Several of California's largest gaming tribes have paid hundreds of thousands of dollars to a little-known body to successfully speed up their land applications – a necessary step for casino expansion, Capitol Weekly has learned.

The California Fee to Trust Consortium was established under the federal Bureau of Indian Affairs Pacific Regional office in 2000 in order to expedite land claims, many of which have languished for years. The consortium arrangement allows tribes to pay into a fund that pays the salaries of the BIA employees who evaluate these claims.

Documents about the little-known governmental organization came to light following a series of Freedom of Information Act requests by a pair of community groups fighting a casino.

The documents, disclosed by the U.S. Department of the Interior, show that about 70 California tribes have paid in $5.5 million to the consortium over its life. In return, the consortium has placed 11,439 acres into trust. The tribes that pay into the fund have paid at least $3,000 per year for at least three years.

However, 15 tribes have paid 80 percent of the cost of the program – and been granted 51 percent of the land into trust. Eight of the 15 tribes that gave the most also rank in the top 15 in terms of land received into trust. The top five contributing tribes alone – the Santa Rosa Rancheria, the Sycuan Band of the Kumeyaay Nation, Santa Ynez Band of Chumash Indians, the San Manuel Band of Mission Indians and Morongo Band of Mission Indians – have paid more than half the cost of the program and received one-fifth of the land.

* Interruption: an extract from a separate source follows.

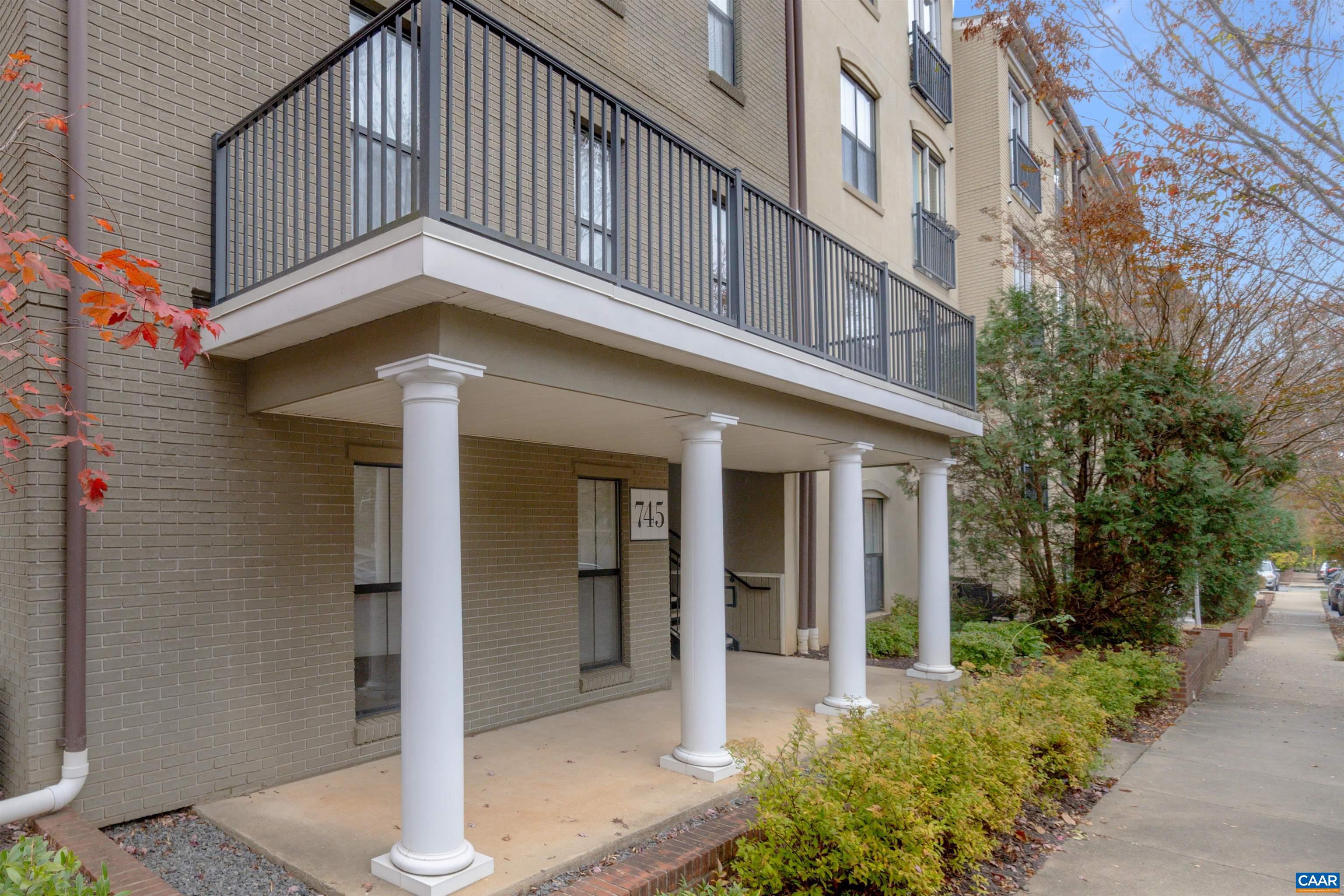 745 Walker Square, Unit 3B Charlottesville, VA 22903 - Photo 4 of 52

This group of 15 reads largely like a who's who of gaming in California. It includes three of the so-called "Big 4" tribes whose revised gaming compacts were approved by voters on Feb. 5 – Morongo, Sycuan and the Pechanga Band of Luiseño Indians – as well as the Pala Band of Mission Indians, one of the main funders of their campaign opposition. Overall, 13 of the top 15 contributing tribes currently operate casinos, while the other two have compacts but have yet to build gaming facilities.

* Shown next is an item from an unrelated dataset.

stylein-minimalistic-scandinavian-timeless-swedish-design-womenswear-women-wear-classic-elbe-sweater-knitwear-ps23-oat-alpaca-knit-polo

Jerry Paresa, executive director of governmental affairs with the San Manuel tribe, said the tribe was approached in 1999 or 2000 about joining the consortium.

"We had had some fee-to-trust applications that were languishing with no movement at all for five, six, seven years," Paresa said. "With the budget cutbacks, there was nobody to work on these applications."

By the end of 2001, the San Manuel tribe had received 121 acres into trust. Paresa said the tribe has two other contiguous land-into-trust applications in process with the consortium, with a total acreage similar to what it has already received. However, he added that part of the reason the tribe continues to pay in $40,000 a year into the consortium is to help out smaller, poorer tribes whose land applications have also been on hold.

"For us, this is about services to all the tribes in California, not just San Manuel," Paresa said. "Fortunately, we're in a position where we can assist."

Others have a less rosy view of the consortium. Kathryn Bowen, a spokeswoman for the anti-casino group Preservation of Los Olivos, said it illustrates one of the major problems with the land-into-trust process: that local communities and governments are left out of the process.

"The reason fee to trust is a concern to local communities is land is getting taken out of the regulatory control of local governments," Bowen said. "When they take land out into trust, it comes out of local zoning and taxation."

POLO and another group, Preservation of Santa Ynez, sued the Department of the Interior in an effort to oppose a land-into-trust application by the Santa Ynez Chumash tribe, which operates the Chumash Resort and Casino in the area. Mark Rochefort, an attorney representing POLO and POSY with the Los Angeles firm Weston Benshoof, said they filed the FOIA request in an effort to prove legal standing to bring their lawsuit. It took nearly a year – from February 2007 to this past Jan. 16 – for the Department of the Interior to act on their request.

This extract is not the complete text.